Il risultato pratico è che può cambiare il diritto all’ADI (quindi stop) e, in altri casi, può cambiare l’importo perché il calcolo considera in modo centrale i componenti che rientrano nelle categorie previste.
ISEE e soglie: l’altro motivo tipico dello stop
Lo Stop Assegno di Inclusione può arrivare anche per motivi economici: basta superare le soglie. Nell’input si citano questi valori “indicativi”:
- limite ISEE circa 10.140 euro;
- limite di reddito familiare circa 6.500 euro;
- aumento di patrimonio mobiliare o immobiliare.
Attenzione a un dettaglio che spesso non è chiaro: l’ISEE cambia con la nuova DSU e può variare anche per redditi o patrimoni riferiti a periodi precedenti. Non serve “diventare ricchi”: a volte è sufficiente una variazione che porta appena oltre soglia.
Per orientarti sui controlli legati a DSU e indicatori, qui trovi la Guida completa ISEE 2026.
Cosa fare adesso
- Controlla se nel nucleo è ancora presente almeno un soggetto fragile (minorenne, over 60, invalidità almeno 67%, presa in carico, carichi di cura).

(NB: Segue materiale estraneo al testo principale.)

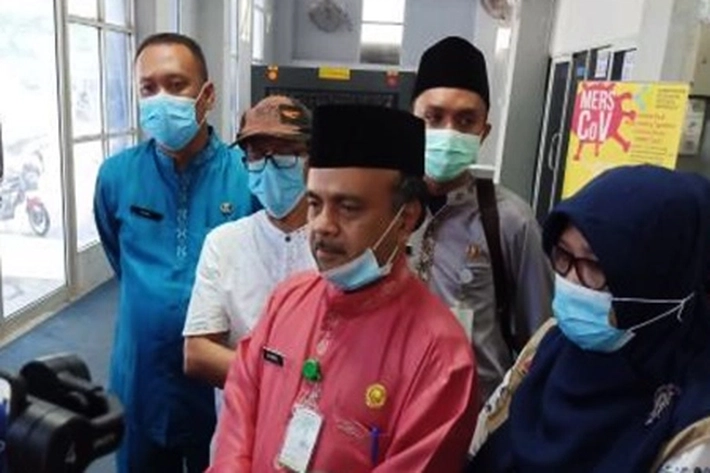 Kasus Terkonfirmasi Positif Covid-19 di Dumai Terus Meningkat
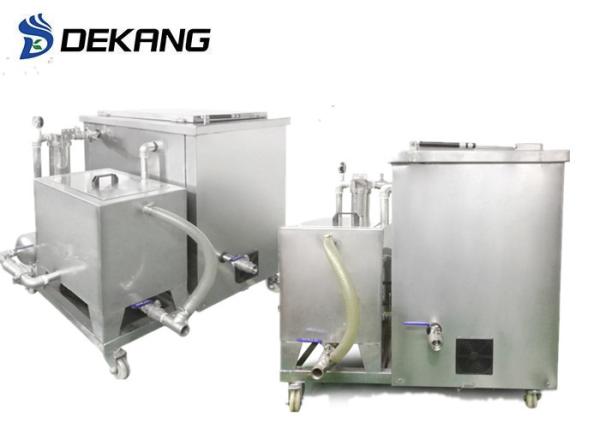 Power Adjustable Ultrasonic Filter Cleaner 135L 1800W With Sparging Function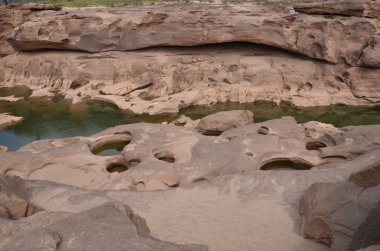 samphanboke ubonratchatani Büyük Kanyon Tayland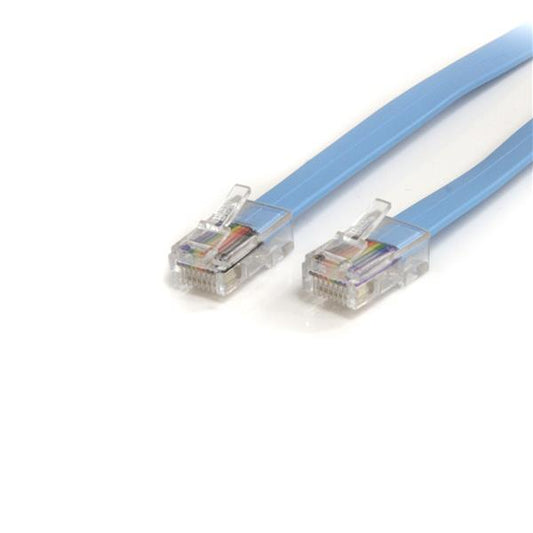 Cable Rollover StarTech.com ROLLOVERMM6 | 1.8m, RJ45 Macho a Macho, 26 AWG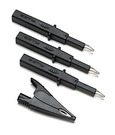 Set includes three Flexible Socket Probes and a Large Alligator Clip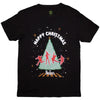 The Beatles Christmas Tree [T-Shirt] by Rock Band Apparel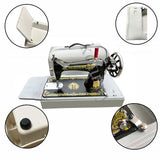 Desktop Old-Fashioned Household Electric Sewing Machine Head - Small Sewing Equipment.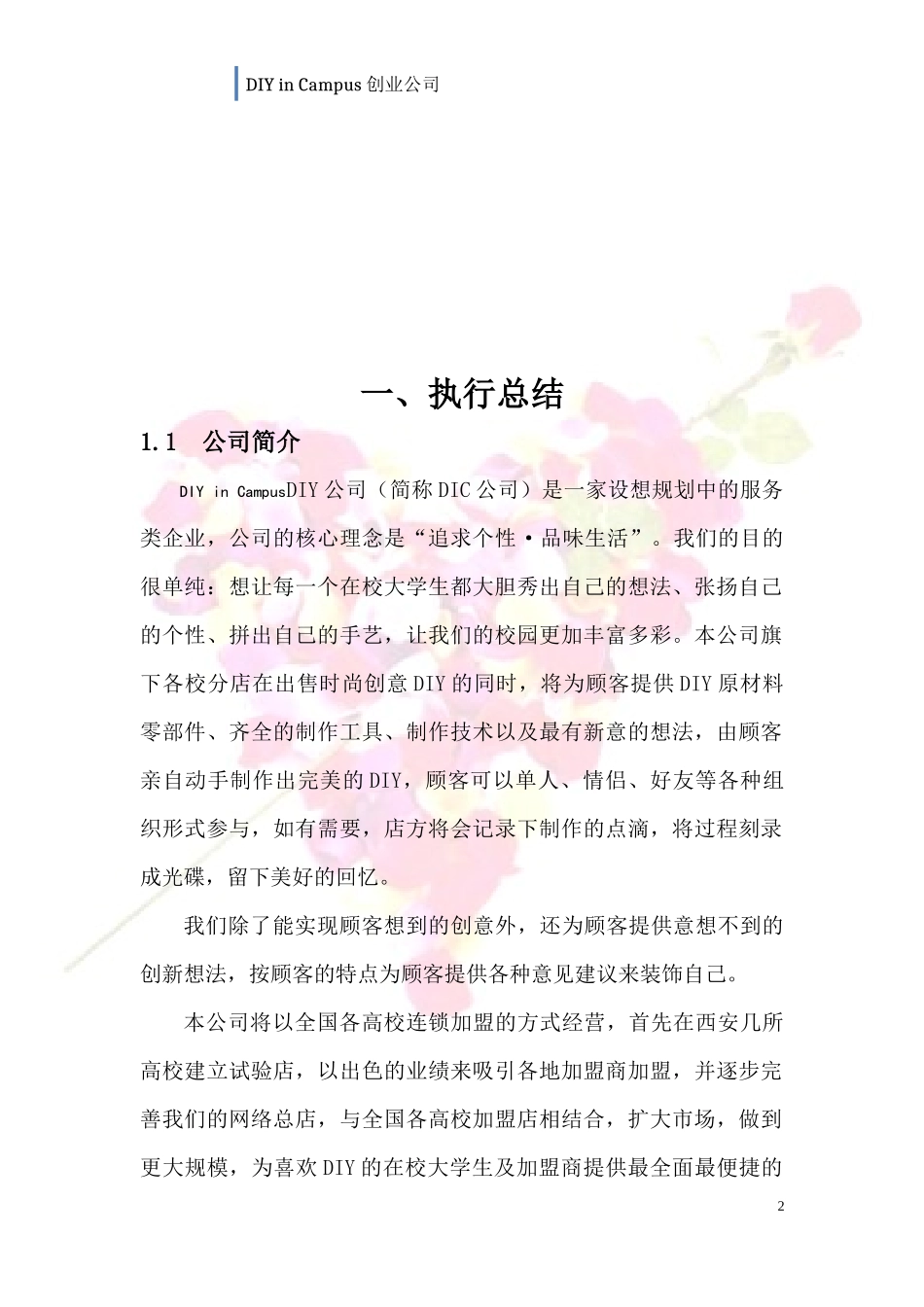 人力资源-2022DIC创业策划_第3页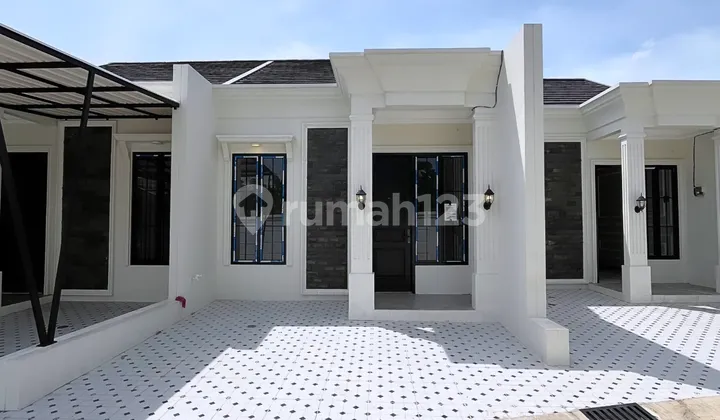 Rumah Murah Siap Huni Dekat Stasiun Depok Lama 2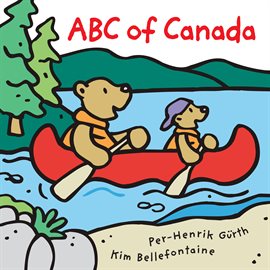 Cover image for ABC of Canada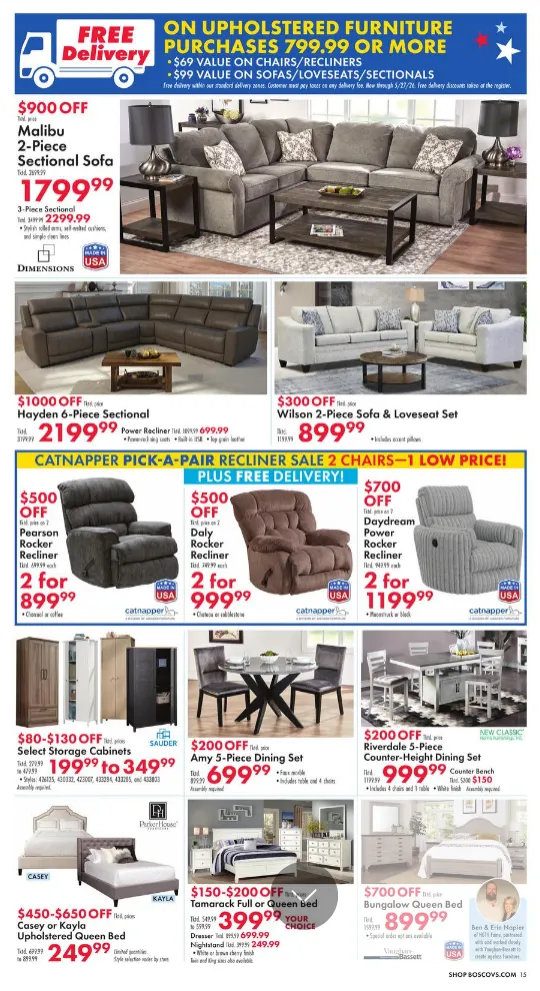 Weekly ad Boscov's Sales from May 21 to May 27 2026 - Page 15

- Verifica se in famiglia c’è stato un evento recente che cambia i requisiti (per esempio maggior età di un figlio, fine presa in carico, variazioni nei carichi di cura).
- Riguarda l’ultima DSU/ISEE: se l’indicatore è vicino alle soglie, il rischio stop cresce con piccole variazioni.
- Se hai avuto entrate o patrimoni più alti del solito, fai un check del possibile superamento di ISEE, reddito familiare e patrimonio.
- Se l’ADI risulta sospeso o revocato, controlla subito nella tua area personale e valuta di chiedere supporto a CAF/patronato per capire quale requisito è venuto meno.